Okay. Well, all of this is a perfectly conventional account of the structures and purposes of the social order in the sixteenth century. It’s partly descriptive of the major component groups of society. It’s partly obviously prescriptive. It’s prescribing how they should live, and in doing so it embodies the central ideals of the social morality of the time as it was conceived by people like Dudley: harmony, duty, order. Now clearly this ideal was communitarian. Dudley was very preoccupied with the commonwealth as an association of interdependent parts, a community. But equally clearly it was not egalitarian. The component groups might be interdependent but they were emphatically not equal. Each group was expected to contribute “in its degree” as Dudley put it; “in its degree,” according to its place. And each group shared in the benefits of the commonwealth “after its degree,” in accordance with its place. Now by ‘degree’ he meant, of course, the different gradations of wealth and status inside each of the three estates. That hierarchical ranking was fundamental to sixteenth-century notions of the social order and people were never allowed to forget it.
Okay. Well, let’s leave Edmund Dudley meditating in his cell in the Tower and imagine ourselves instead in one of England’s 9,000 parish churches a few decades later. It’s a Sunday morning. The bells are tolling to call people to church. The church wardens — who were kind of like the teaching fellows of the sixteenth-century parish — the church wardens are patrolling the aisles, getting people sat in their proper place, gentry up at the front, the lowly at the back. They’re chasing out the dogs because people brought their dogs to church in those days and settling everyone down. And once a year the grave, gray-bearded minister of the parish would come into the pulpit and read out from the Book of Homilies. The Book of Homilies were official sermons which were published by the Church of England and were to be read out periodically in the course of the year. He began thus:
“Almighty God hath created and appointed all things in heaven, earth and waters in a most excellent and perfect order. In heaven he hath appointed distinct orders and estates of archangels and angels. In earth he hath assigned kings, princes with other governors under them, all in good and necessary order. Every degree of people in their vocation, their calling and their office have appointed to them their duty and order.

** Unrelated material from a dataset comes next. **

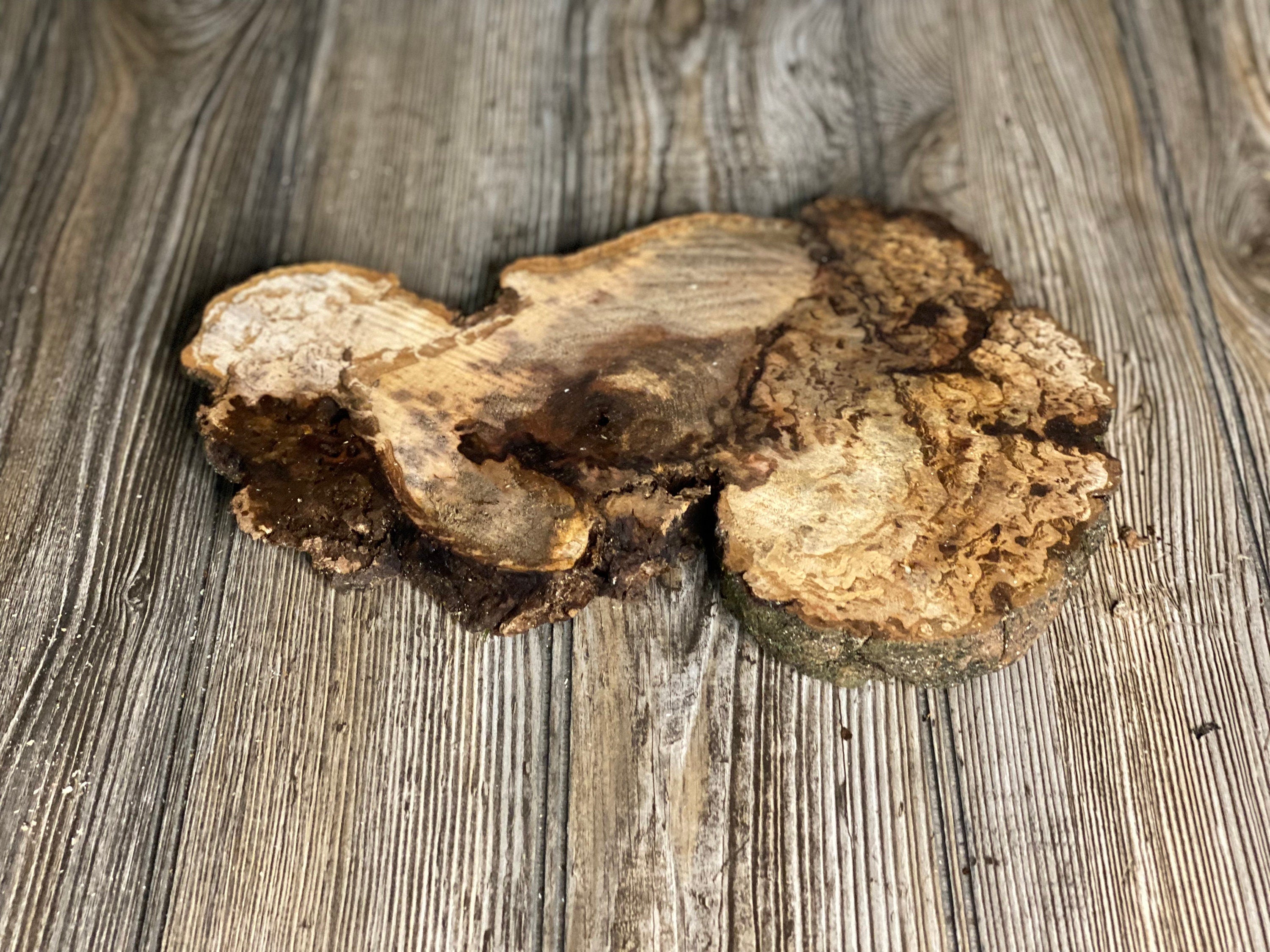 Hickory Burl Slice, Approximately 11 Inches Long by 7 Inches Wide and 3/4 Inch Thick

Some are in high degree, some in low, some kings and princes, some inferiors and subjects, priests and laymen, masters and servants, fathers and children, husbands and wives, rich and poor… And where there is no right order there reigneth all abuse, carnal liberty, enormity, sin and Babylonical confusion.”
Well, that’s the opening paragraph of the Homily on Obedience; the Homily on Obedience, published for the first time in the 1540s and another neat statement of Tudor perceptions of the social order and its emphasis on hierarchy and degree; order, the word echoing through that opening paragraph. Well, put Dudley and the Homily on Obedience together and you’ve got a world which certainly had certain communitarian ideals, the commonwealth, but one in which it was also assumed that those ideals were best served by maintaining a sort of graduated ladder of authority and subordination within each one of the degrees of society. And indeed the three degrees as Dudley described them can be shuffled together into a single rank order of precedence, as they were when people went on processions, for example. On the back of your handout you’ll find a chart laying out as one hierarchy that classical social hierarchy which you’ve already read about, I hope, in the chapter set from English Society.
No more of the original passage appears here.